» **About this exercise**
The answer is the line containing "Hoka Clifton 9" plus every line after it to the end of the material, retyped exactly and without the pictures.

» **Collected material**
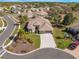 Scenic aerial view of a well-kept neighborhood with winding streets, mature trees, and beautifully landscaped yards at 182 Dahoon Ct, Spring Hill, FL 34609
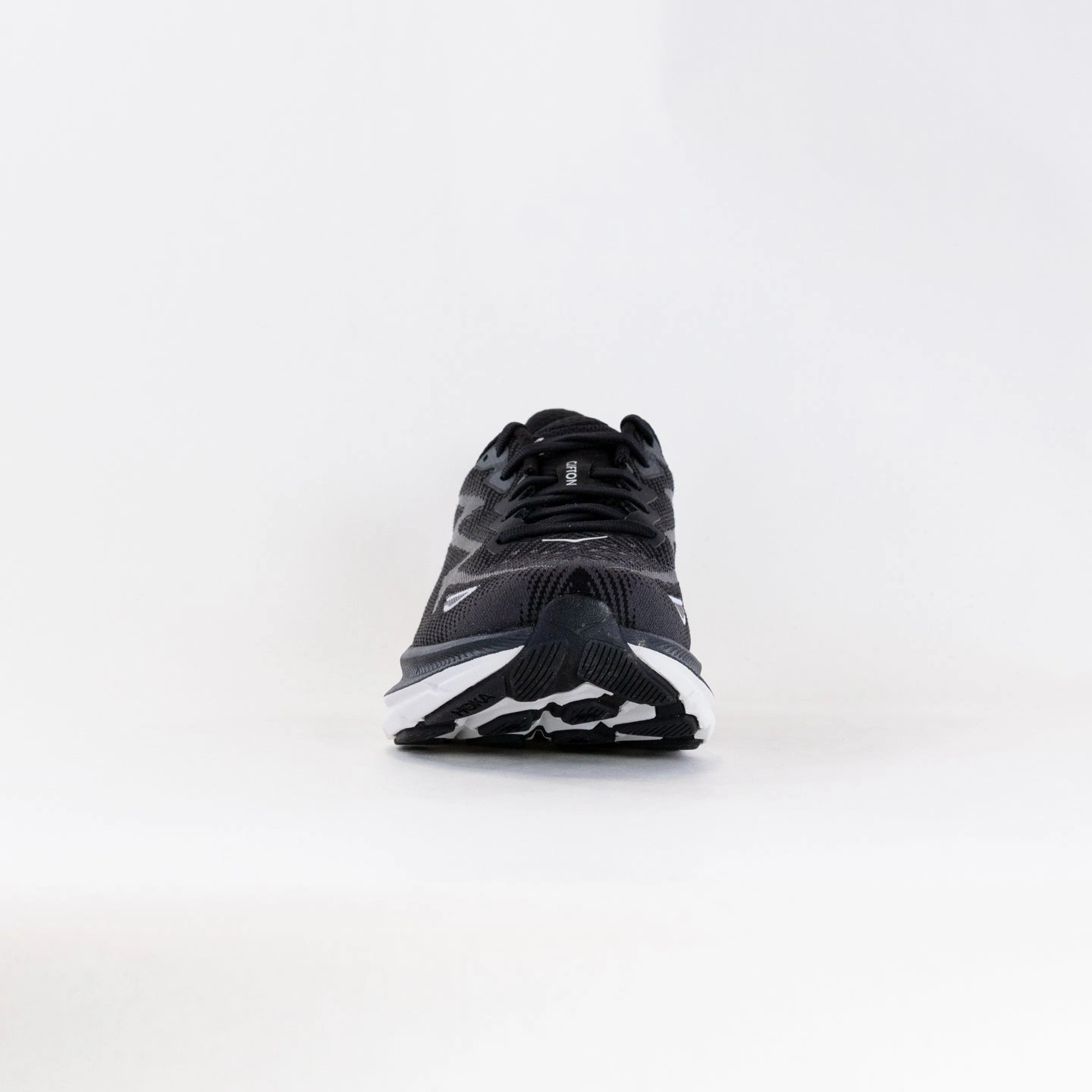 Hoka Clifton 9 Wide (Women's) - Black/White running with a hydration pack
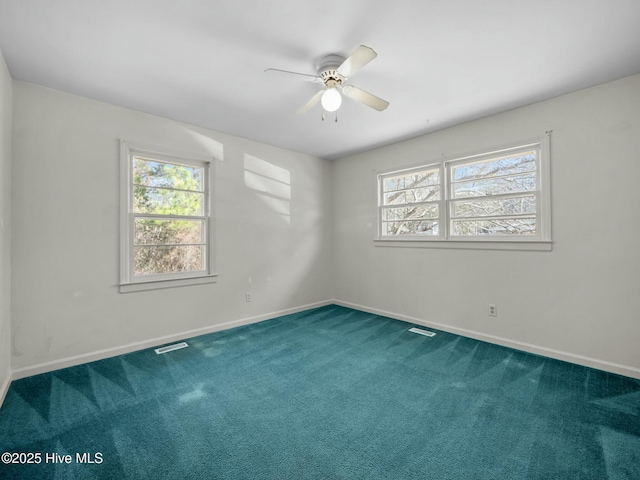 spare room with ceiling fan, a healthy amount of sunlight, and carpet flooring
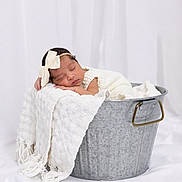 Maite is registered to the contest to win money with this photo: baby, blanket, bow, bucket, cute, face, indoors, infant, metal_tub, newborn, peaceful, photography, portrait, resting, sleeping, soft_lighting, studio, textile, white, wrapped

» **Result**
 Hoka Clifton 9 Wide (Women's) - Black/White running with a hydration pack
 spare room with ceiling fan, a healthy amount of sunlight, and carpet flooring
 Maite is registered to the contest to win money with this photo: baby, blanket, bow, bucket, cute, face, indoors, infant, metal_tub, newborn, peaceful, photography, portrait, resting, sleeping, soft_lighting, studio, textile, white, wrapped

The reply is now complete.